What I wanted to get is the following:

GO:0008150 / GO:0009987 / GO:0007154 / GO:0007267
GO:0008150 / GO:0023052 / GO:0007267

What I understood is that under the hood I'm calculating the depth of each level and using it to construct the path, this works fine when we have an element that belongs only to one branch.

SELECT (count(?mid) as ?depth) ?midId
FROM <http://rdf.ebi.ac.uk/dataset/go> 
WHERE {
    obo:GO_0032259 rdfs:subClassOf* ?mid .
    ?mid rdfs:subClassOf* ?class .
    ?mid <http://www.geneontology.org/formats/oboInOwl#id> ?midId.
}
GROUP BY ?midId
ORDER BY ?depth

The result:

depth |   midId
------|------------
1     | GO:0008150
2     | GO:0008152
3     | GO:0032259

In the second example, things are missed up and I didn't get why, in any ways I'm sure that part of the problem are terms that have the same depth/level, but I don't know how can I solve this.

depth |   midId
------|------------
2     | GO:0008150
2     | GO:0009987
2     | GO:0023052
3     | GO:0007154
6     | GO:0007267

Solution

  • Thanks to @AKSW I found a decent solution using HyperGraphQL (a GraphQL interface for querying and serving linked data on the Web).

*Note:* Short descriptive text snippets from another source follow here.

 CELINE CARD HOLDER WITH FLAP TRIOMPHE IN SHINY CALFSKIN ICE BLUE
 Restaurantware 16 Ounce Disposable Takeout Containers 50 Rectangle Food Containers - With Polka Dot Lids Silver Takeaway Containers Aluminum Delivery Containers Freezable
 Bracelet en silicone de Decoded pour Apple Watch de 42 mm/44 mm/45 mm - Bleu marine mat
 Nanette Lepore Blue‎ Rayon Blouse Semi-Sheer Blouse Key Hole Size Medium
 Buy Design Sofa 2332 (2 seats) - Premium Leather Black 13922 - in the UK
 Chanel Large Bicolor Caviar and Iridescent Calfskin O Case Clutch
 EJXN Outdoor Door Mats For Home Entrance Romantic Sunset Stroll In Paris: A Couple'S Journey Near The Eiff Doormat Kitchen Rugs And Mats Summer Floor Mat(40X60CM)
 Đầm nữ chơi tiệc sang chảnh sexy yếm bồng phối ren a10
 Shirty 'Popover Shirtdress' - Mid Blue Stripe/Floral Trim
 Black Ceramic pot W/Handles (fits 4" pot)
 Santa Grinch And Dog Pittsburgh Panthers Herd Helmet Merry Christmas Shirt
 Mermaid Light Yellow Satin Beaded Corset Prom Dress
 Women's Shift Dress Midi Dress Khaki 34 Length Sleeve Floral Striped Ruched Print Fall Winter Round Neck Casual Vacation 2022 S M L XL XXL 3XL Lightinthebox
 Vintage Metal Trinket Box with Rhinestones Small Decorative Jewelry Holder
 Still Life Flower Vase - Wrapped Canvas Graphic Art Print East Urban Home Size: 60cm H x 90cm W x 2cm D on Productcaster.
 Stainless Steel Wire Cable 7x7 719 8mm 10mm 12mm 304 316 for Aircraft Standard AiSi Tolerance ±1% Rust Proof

    I'll leave the detailed answer here, it may help someone.

    1. I downloaded and set up HyperGraphQL download page
    2. Linked it to EBI Sparql endpoint as described in this tutorial

      The config.json file I used:

      {
          "name": "ebi-hgql",
          "schema": "ebischema.graphql",
          "server": {
              "port": 8081,
              "graphql": "/graphql",
              "graphiql": "/graphiql"
          },
          "services": [
              {
                  "id": "ebi-sparql",
                  "type": "SPARQLEndpointService",
                  "url": "http://www.ebi.ac.uk/rdf/services/sparql",
                  "graph": "http://rdf.ebi.ac.uk/dataset/go",
                  "user": "",
                  "password": ""
              }
          ]
      }
      

      Here's how my ebischema.graphql file looks like (Since I needed only the Class, id, label and subClassOf):

      type __Context {
          Class:          _@href(iri: "http://www.w3.org/2002/07/owl#Class")
          id:             _@href(iri: "http://www.geneontology.org/formats/oboInOwl#id")
          label:          _@href(iri: "http://www.w3.org/2000/01/rdf-schema#label")
          subClassOf:     _@href(iri: "http://www.w3.org/2000/01/rdf-schema#subClassOf")
      }
      
      type Class @service(id:"ebi-sparql") {
          id: [String] @service(id:"ebi-sparql")
          label: [String] @service(id:"ebi-sparql")
          subClassOf: [Class] @service(id:"ebi-sparql")
      }
      
    3. I started testing some simple query, but constantly getting an empty response; the answer to this issue solved my problem.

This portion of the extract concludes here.